> _ACTION ITEM_
Transcribe all of the data verbatim, please, and leave out its pictures.

(Short web captions)

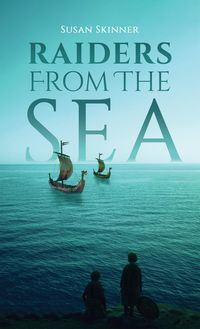 Produktbild: Raiders From the Sea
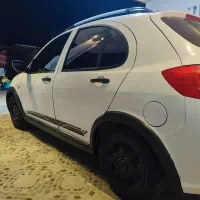 کوئیک آر ۱۴۰۲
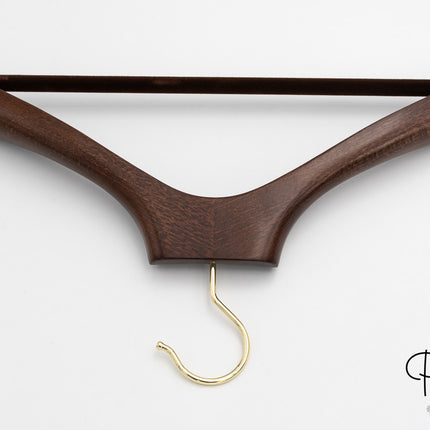 Grucce per Albergo di Lusso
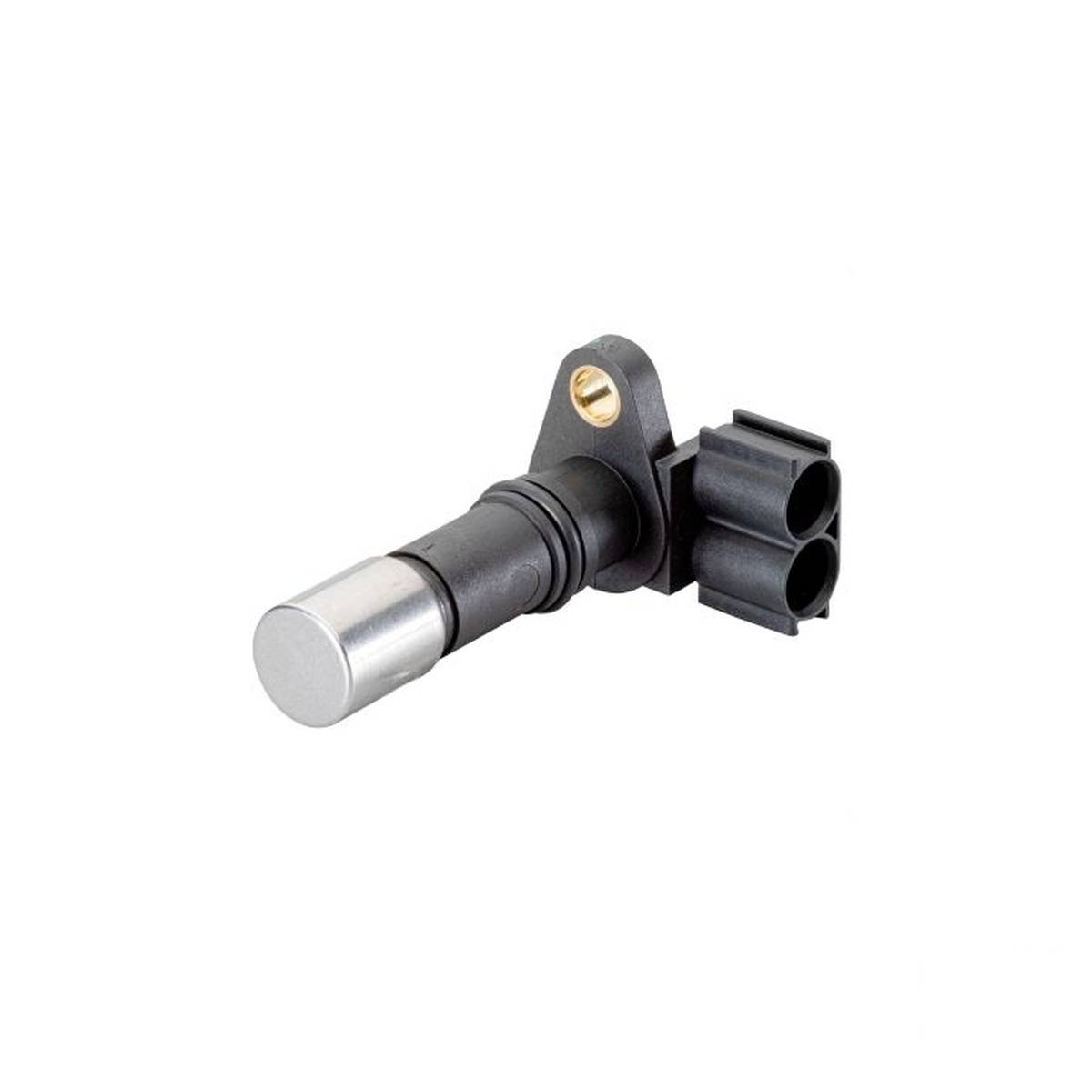 HELLA 6PU 013 122-811 Impulsgeber, Kurbelwelle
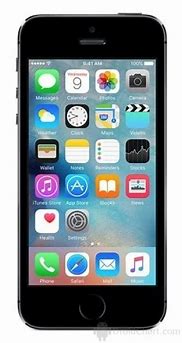 Image result for iphone 5s specs and reviews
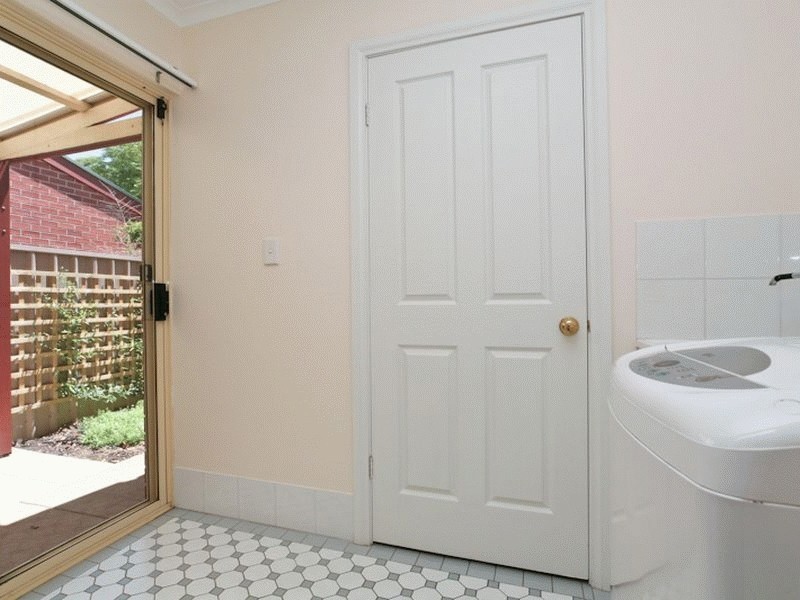 3/2 Da Costa Avenue, Prospect SA 5082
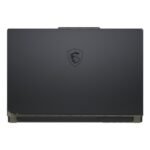 MSI Cyborg 15 A13VE-1067XPL i7-13620H 15.6" FHD 144Hz IPS-Level 16GB DDR5 SSD512 RTX 4050 6GB NoOS - Image 3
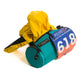 https://cdn.shopify.com/s/files/1/0493/2776/7713/files/ALMSTHTRE_compact_cycling_bar_bag.jpg?v=1763226560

> _REPLY TO THE EXERCISE_
 Produktbild: Raiders From the Sea
 کوئیک آر ۱۴۰۲
 Grucce per Albergo di Lusso
 HELLA 6PU 013 122-811 Impulsgeber, Kurbelwelle
 Image result for iphone 5s specs and reviews
 3/2 Da Costa Avenue, Prospect SA 5082
 MSI Cyborg 15 A13VE-1067XPL i7-13620H 15.6" FHD 144Hz IPS-Level 16GB DDR5 SSD512 RTX 4050 6GB NoOS - Image 3
 https://cdn.shopify.com/s/files/1/0493/2776/7713/files/ALMSTHTRE_compact_cycling_bar_bag.jpg?v=1763226560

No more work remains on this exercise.